Published online by Cambridge University Press: 28 March 2008
Historians of modern Christianity in western Europe, writing amid the chill winds of secularism at the beginning of the twenty-first century, may be tempted to apologise for their subject. Why write about something of diminishing importance, which has been in decline since the French Revolution? No student of the medieval or early modern eras doubts the central role of religion, but modern historiography can get along without it. In fact, the historian of nineteenth-century Christianity need not be defensive about his or her theme, which still entered into the very fabric of the social and political conflicts of the era, and just as the creation of a united Italy was on one level a defeat of Catholicism, and the creation of the German Empire a victory for Protestantism, so the attack upon the churches, in what some have seen as the beginning of secularisation, makes a fascinating story which, at least in the immediate term, led not only to religious decline but also to renewal and revival.

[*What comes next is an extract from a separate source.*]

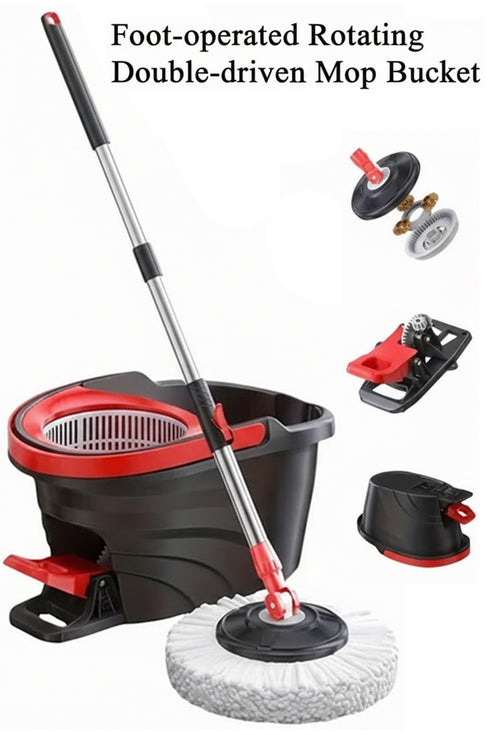 360° Spin Mop and Bucket Set with 2 Refill Heads – Foot Pedal, Stainless Steel Wringer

Western Europe might, however, be considered something of an anomaly even in the present, in which Christianity continues to grow and expand elsewhere, in the Third World, in the United States and, with the collapse of atheistic communism, in eastern Europe. This must be one reason for the somewhat unconventional appearance of this volume by the standards of other histories of the nineteenth-century Christian faith, as here at least a third of the space is given to the new Christian churches outside Europe. Catholic Christianity became a global religion through the Spanish and Portuguese empires in the sixteenth century and French missionaries in the seventeenth and eighteenth. There are chapters here reflecting the legacy of this earlier era.